**Goal of the exercise**
When writing out the entries below, keep only the lines from the line with "Honda Cr-v Ex-l" to the line with "SHEIN EZwear Women's", both included, exactly as they are, and leave the pictures aside.

**Exercise material**
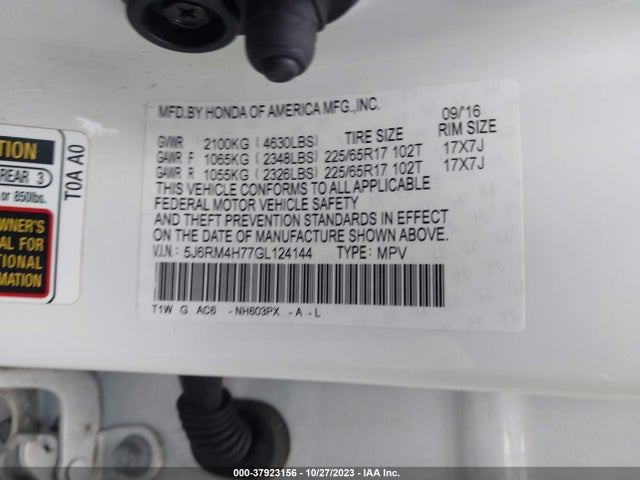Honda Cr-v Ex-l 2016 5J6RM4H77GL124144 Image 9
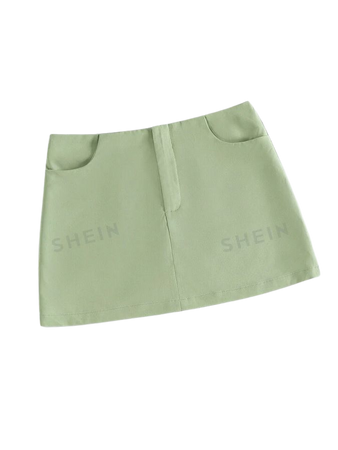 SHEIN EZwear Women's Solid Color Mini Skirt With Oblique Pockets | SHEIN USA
==
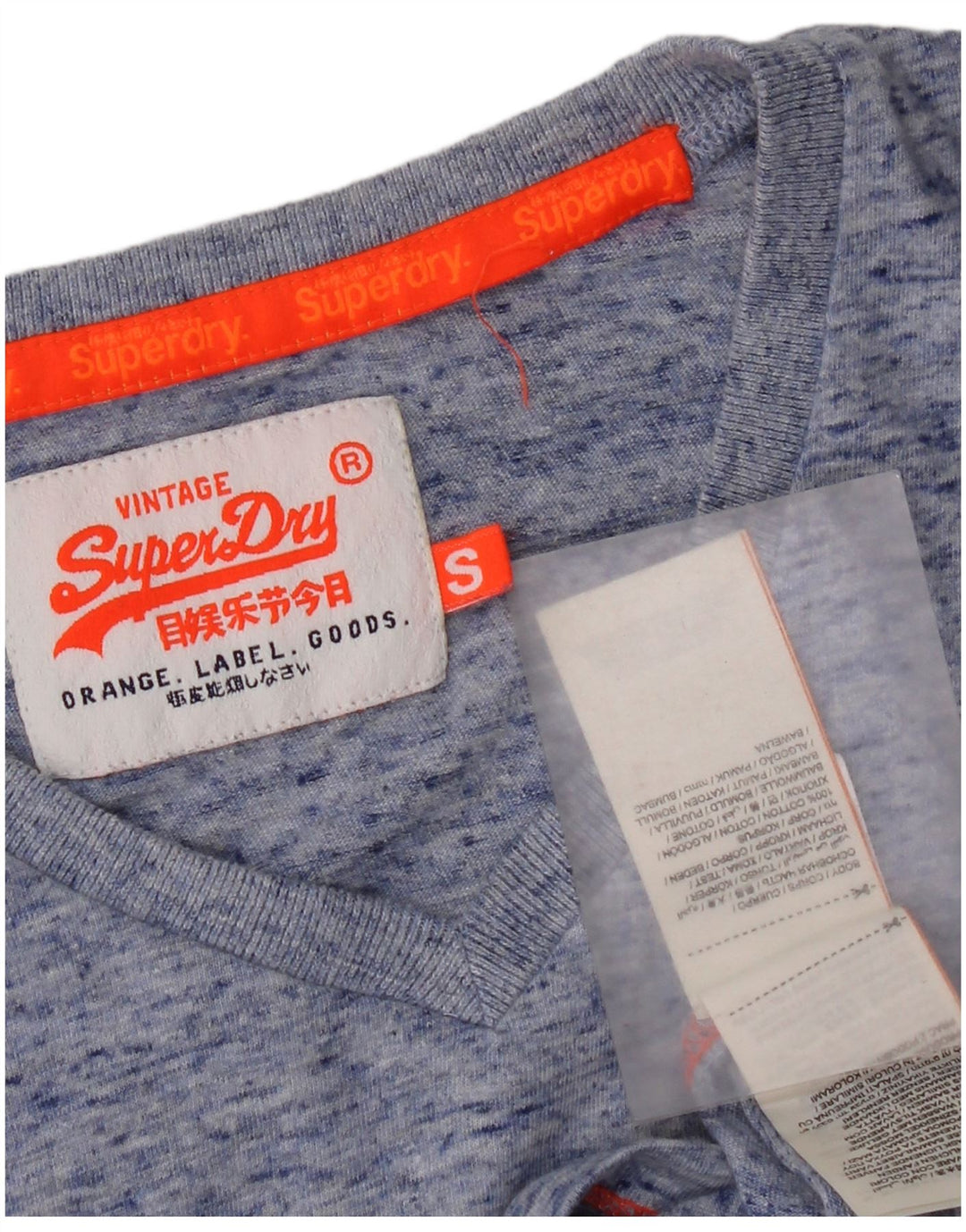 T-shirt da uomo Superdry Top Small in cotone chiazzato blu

**Response to the task**
Honda Cr-v Ex-l 2016 5J6RM4H77GL124144 Image 9
 SHEIN EZwear Women's Solid Color Mini Skirt With Oblique Pockets | SHEIN USA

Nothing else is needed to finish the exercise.